_INFORMATION PROVIDED_
·····

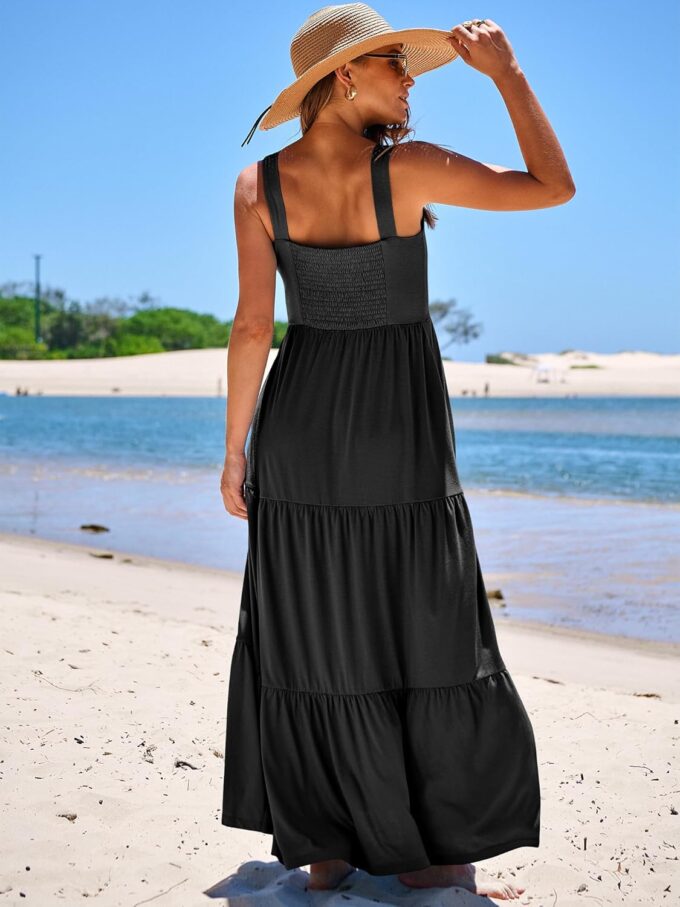 ANRABESS Women's Summer Casual Long Maxi Beach Vacation Dresses Sleeveless Square Neck Flowy Tiered Sun Dress with Pockets – Bild 4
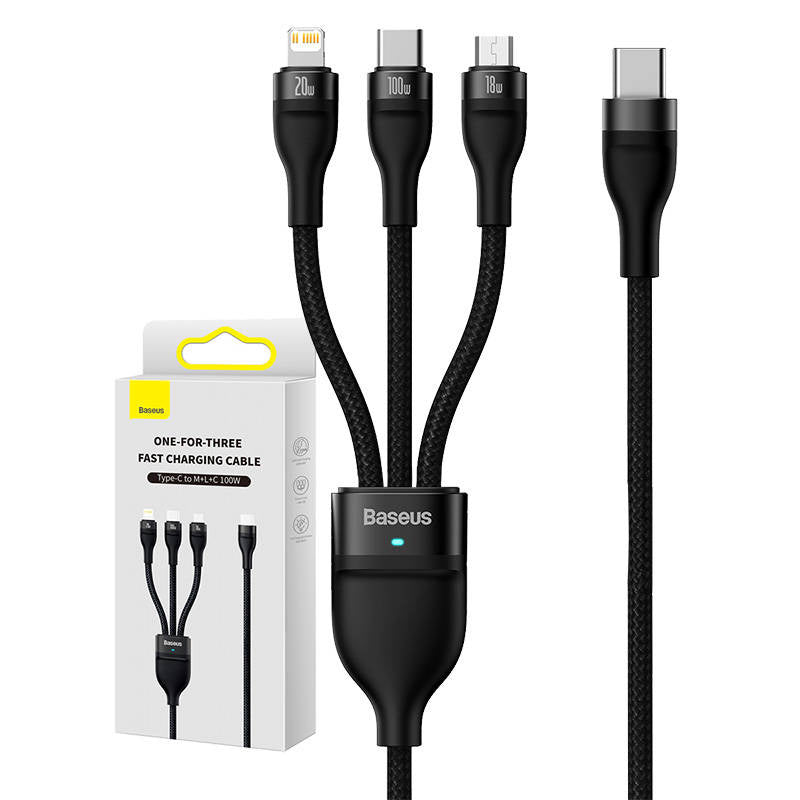 Cumpara acum 3in1 USB cable Baseus Flash Series 2, USB-C + micro USB + Lightning, 100W, 1.5m (black) de la Mesterul Minune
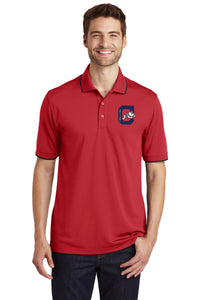 Load image into Gallery viewer, The Citadel Black C Jumping Bulldog UV Micro-Mesh Tipped Polo-Red
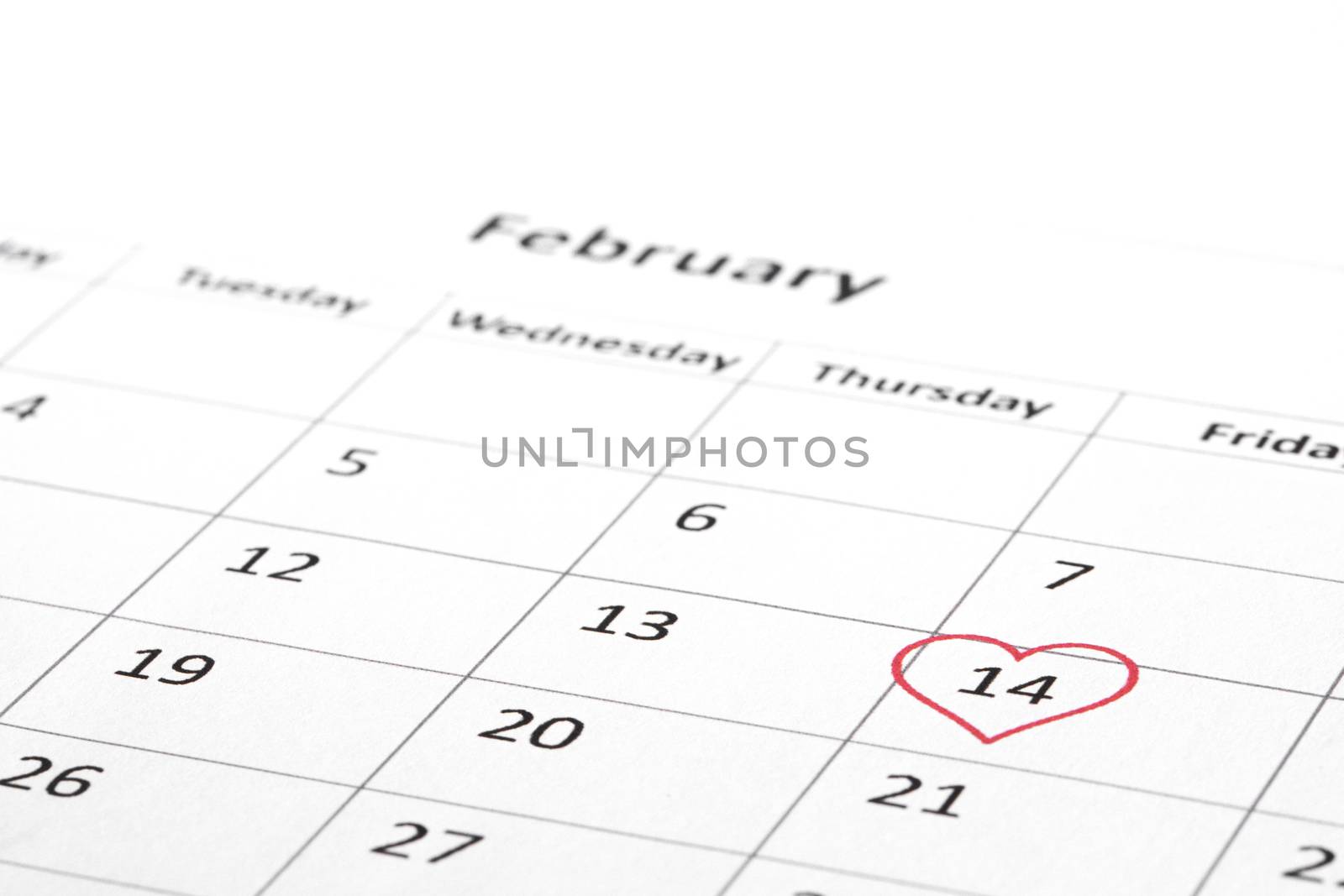 Valentine's day holiday is marked with a heart on the calendar 2020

·····

_PROBLEM DETAILS_
Where the data includes pictures, leave them out and write out everything else exactly.

_ANSWER SECTION_
 ANRABESS Women's Summer Casual Long Maxi Beach Vacation Dresses Sleeveless Square Neck Flowy Tiered Sun Dress with Pockets – Bild 4
 Cumpara acum 3in1 USB cable Baseus Flash Series 2, USB-C + micro USB + Lightning, 100W, 1.5m (black) de la Mesterul Minune
 Load image into Gallery viewer, The Citadel Black C Jumping Bulldog UV Micro-Mesh Tipped Polo-Red
 Valentine's day holiday is marked with a heart on the calendar 2020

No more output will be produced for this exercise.